» Work instructions
Reproduce the listing in full, exactly as written, but without images.

» The data
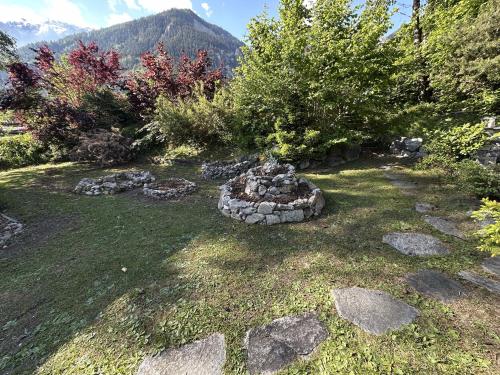 a garden with a pile of rocks in the grass at WoodMood in Leuk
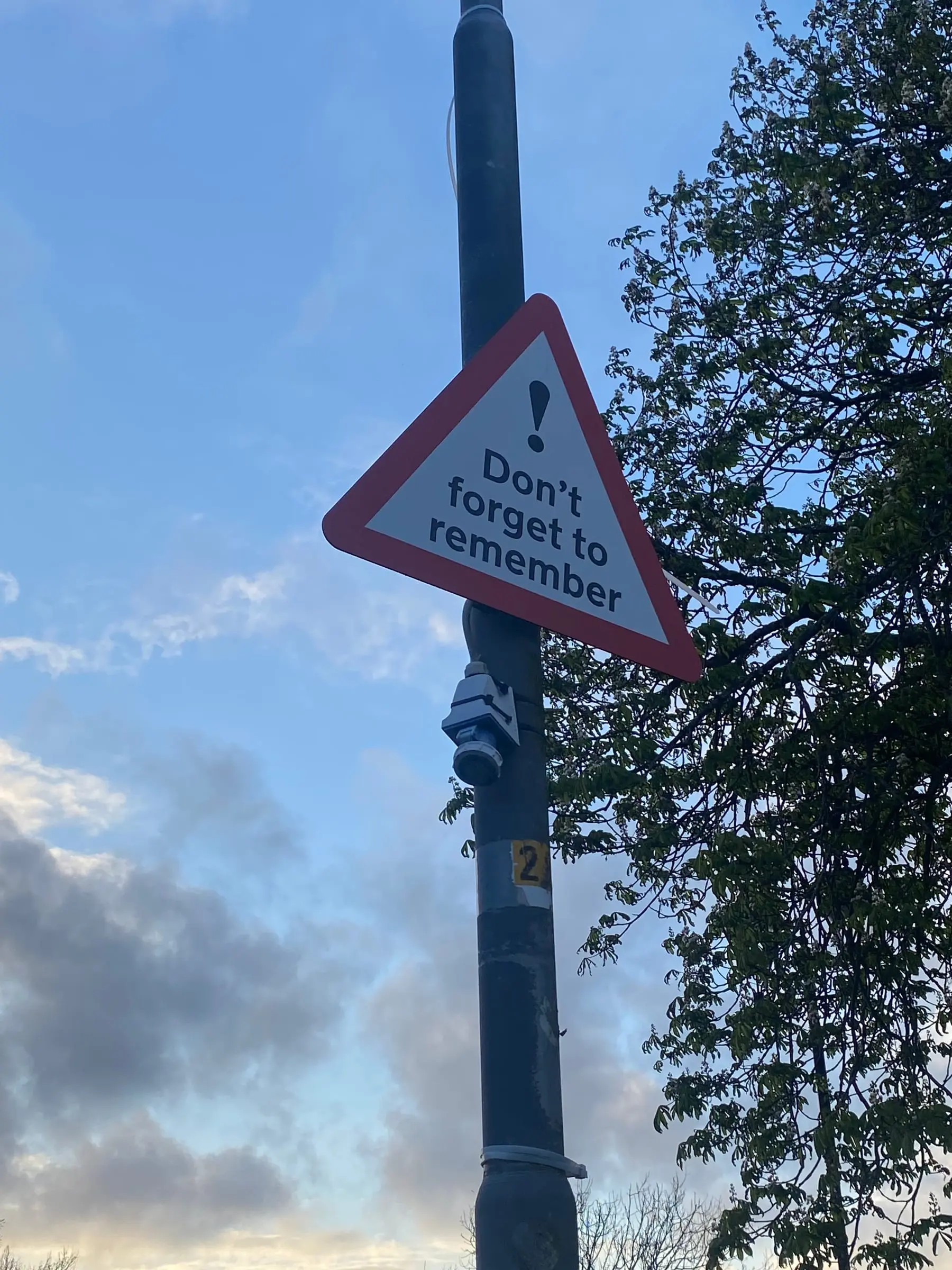 A red-bordered triangular warning sign on a pole reading Don't forget to remember, against a dusk sky and a leafy tree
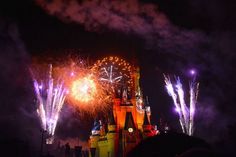 fireworks light up the night sky above a castle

» Answer to this task
 a garden with a pile of rocks in the grass at WoodMood in Leuk
 A red-bordered triangular warning sign on a pole reading Don't forget to remember, against a dusk sky and a leafy tree
 fireworks light up the night sky above a castle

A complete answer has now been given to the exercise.